En el Barça ya no se esconden, la planificación deportiva a medio plazo pasa por encontrar al heredero de Robert Lewandowski. El club sabe que el polaco no será eterno y que hay que preparar la transición en la posición de delantero centro. En ese escenario aparece un nombre que gusta desde hace meses y que ya está generando una carrera contrarreloj en los despachos del Camp Nou.
Ese nombre es Etta Eyong, delantero camerunés al que en el Barça consideran un proyecto de delantero top mundial, con físico, gol y un gran margen de crecimiento. Los informes internos son muy positivos y el consenso deportivo es claro: puede ser el delantero del futuro, el perfil que encaje como relevo natural de Lewandowski si se le da tiempo y confianza para explotar en la élite.
Etta Eyong, el heredero que el Barça lleva meses siguiendo
En la dirección deportiva azulgrana llevan tiempo siguiendo de cerca la evolución de Etta Eyong.
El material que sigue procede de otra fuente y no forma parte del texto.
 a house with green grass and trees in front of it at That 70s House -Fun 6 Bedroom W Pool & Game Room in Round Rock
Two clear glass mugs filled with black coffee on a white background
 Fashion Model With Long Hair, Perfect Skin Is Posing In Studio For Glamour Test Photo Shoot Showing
Su progresión ha sido ilusionante y su perfil encaja en lo que el Barça busca para los próximos años. Es un delantero capaz de fijar centrales, atacar el espacio, imponerse en el juego aéreo y, sobre todo, marcar diferencias en el área. Internamente, algunos técnicos no dudan en calificarlo como el nuevo Lewandowski por condiciones y proyección.

El problema no es deportivo, sino económico. El Barça ya ha sido informado de que si quiere cerrar el fichaje deberá hacerlo en enero y poniendo encima de la mesa 30 millones de euros. No hay margen para negociar a la baja ni para aplazar la operación. Es ahora o nunca. El Lavente no esperará a nadie si puede cerrar ya la operación.
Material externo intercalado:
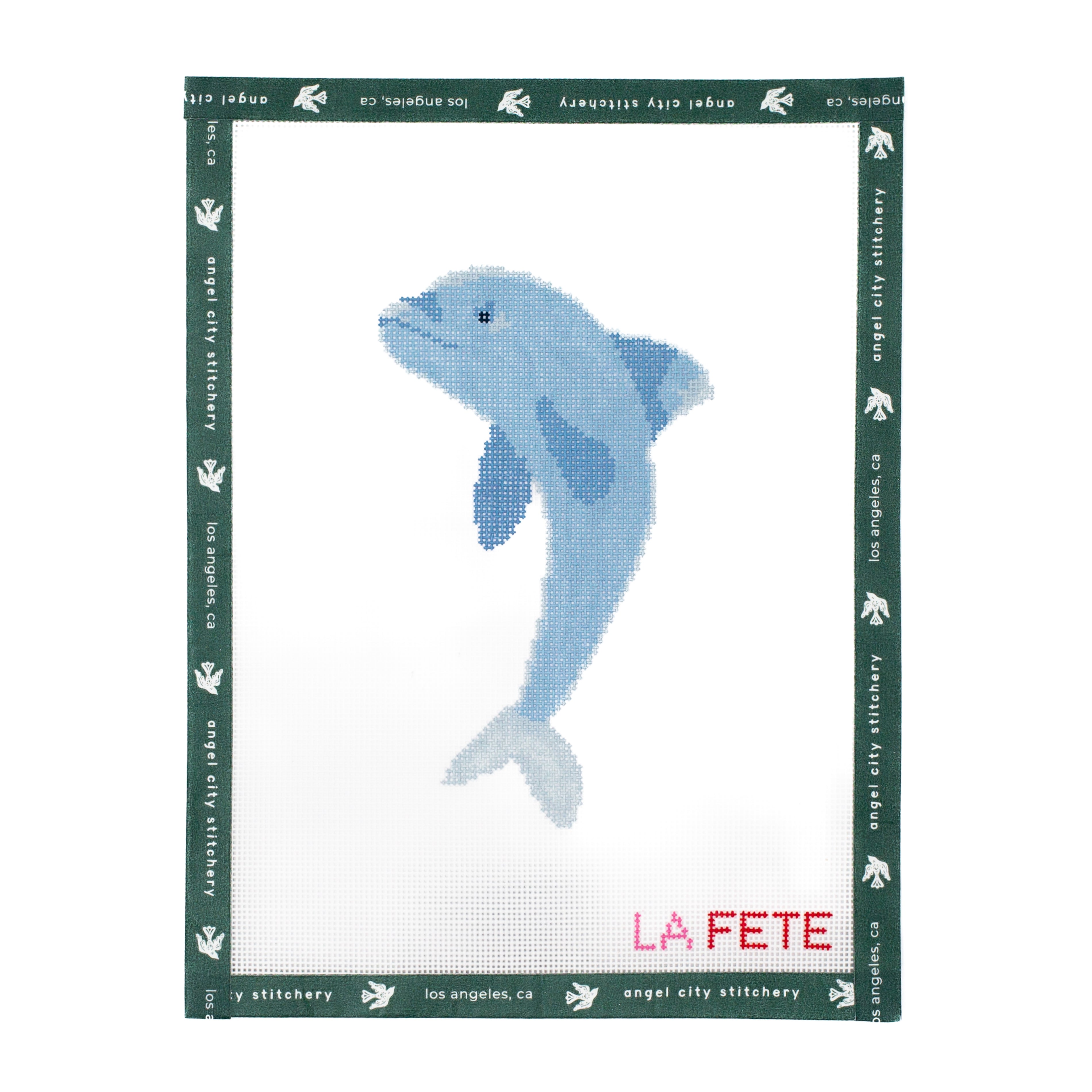 Embroidery canvas Blue dolphin design on a cross-stitch pattern with 'La Fete' branding.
El CSKA aprieta y obliga al Barça a decidir ya
La situación se complica aún más porque Etta Eyong está muy cerca de firmar por el CSKA de Moscú. El club ruso sí está dispuesto a pagar los 30 millones de forma inmediata, algo que en el Barça saben que ahora mismo supone un esfuerzo enorme dadas las limitaciones del fair play financiero. Aun así, el mensaje es que si el Barça iguala la oferta, el jugador priorizaría vestir de blaugrana.
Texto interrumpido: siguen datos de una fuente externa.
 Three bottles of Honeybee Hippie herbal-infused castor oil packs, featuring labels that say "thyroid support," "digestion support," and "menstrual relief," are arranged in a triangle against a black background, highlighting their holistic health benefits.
Laporta ya ha sido avisado y tiene toda la información sobre la mesa. El dilema pasa por apostar fuerte ahora por un delantero de futuro o asumir el riesgo de perderlo definitivamente. En definitiva, el Barça tiene claro el objetivo, conoce el precio y sabe el plazo. Etta Eyong puede ser el 9 del futuro, pero solo si el club es capaz de asumir un esfuerzo económico inmediato. Enero marcará el punto de inflexión en un fichaje delicado como pocos.